- The Straits Times
The Singdollar rose against the ringgit on Thursday (Dec 20), a trend that has continued since April, when the Malaysia ringgit was strongest against the Singdollar this year.
Then, one Singdollar could buy RM2.936. A check on Thursday showed that one Singdollar could buy RM3.0525.
Reasons for the ringgit’s decline include political uncertainty and falling oil prices, analysts said.
Another factor is the strong Singapore currency, they added.
Mr Chua Han Teng, head of Asia Country Risk at Fitch Solutions, said the ringgit’s decline could be attributed to weakness in oil prices seen since October.
The Singapore currency, however, “continued to benefit from a relatively stable Chinese yuan (as the two currencies have) a strong positive correlation with each other”, he added.
Mr Chua expects the ringgit to depreciate further against the Singdollar next year.
He said: “The ringgit will weaken due to continued political and policy uncertainty in Malaysia brought about by the ruling Pakatan Harapan coalition.”
Meanwhile, the Singapore currency will remain supported by the central bank’s “appreciatory stance on the Singdollar nominal effective exchange rate”, he added.
CIMB Private Banking economist Song Seng Wun said uncertainties in regional markets have strengthened the Singdollar.
“It’s a case of Singdollar strength on the back of safe haven demand… so regional funds are parked in Singapore as Singdollar,” he said.
He added: “The stronger Singdollar is definitely handy in containing imported food inflation, especially from Malaysia.”
Earlier this month, Malaysia, Singapore’s closest neighbour, said it is looking into limiting, or stopping, the export of eggs to ensure sufficient supply for the domestic market.
Earlier this week, Malaysia’s Deputy Finance Minister Amiruddin Hamzah said the government will work through Bank Negara Malaysia (BNM) to “make sure that the ringgit is stable via proactive measures to ensure sufficient liquidity and a resilient market”.
He said: “In the long term, the ringgit value would be driven particularly by the strength of the country’s economic fundamentals.
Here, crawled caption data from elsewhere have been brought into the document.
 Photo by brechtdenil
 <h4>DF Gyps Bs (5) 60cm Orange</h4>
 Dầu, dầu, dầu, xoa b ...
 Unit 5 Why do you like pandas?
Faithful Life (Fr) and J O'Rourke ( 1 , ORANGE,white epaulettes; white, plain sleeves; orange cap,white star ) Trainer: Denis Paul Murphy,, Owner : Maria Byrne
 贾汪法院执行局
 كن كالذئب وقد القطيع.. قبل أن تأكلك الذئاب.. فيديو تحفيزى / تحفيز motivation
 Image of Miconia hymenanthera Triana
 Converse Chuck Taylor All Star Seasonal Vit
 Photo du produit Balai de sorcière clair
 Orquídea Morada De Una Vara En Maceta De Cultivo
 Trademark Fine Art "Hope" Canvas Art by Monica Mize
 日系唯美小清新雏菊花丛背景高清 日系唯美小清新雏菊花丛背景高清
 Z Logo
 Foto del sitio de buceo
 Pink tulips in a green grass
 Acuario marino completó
Hence, Malaysia needs to focus efforts on increasing its economic resilience by diversifying revenue sources, and strengthen its fiscal position.”
Money changers told The Straits Times that the ringgit’s decline has translated to better sales.
At Aramex International Exchange at Sim Lim Square, managing director Barakath Ali said sales for the ringgit have picked up about 45 per cent this month compared with last month.
But the strong Singdollar may be one part of the equation to better ringgit sales, he added.
Mr Barakath, who is also first vice-president of the Money Changers Association (Singapore), said: “Demand for currencies usually increases during school holidays.”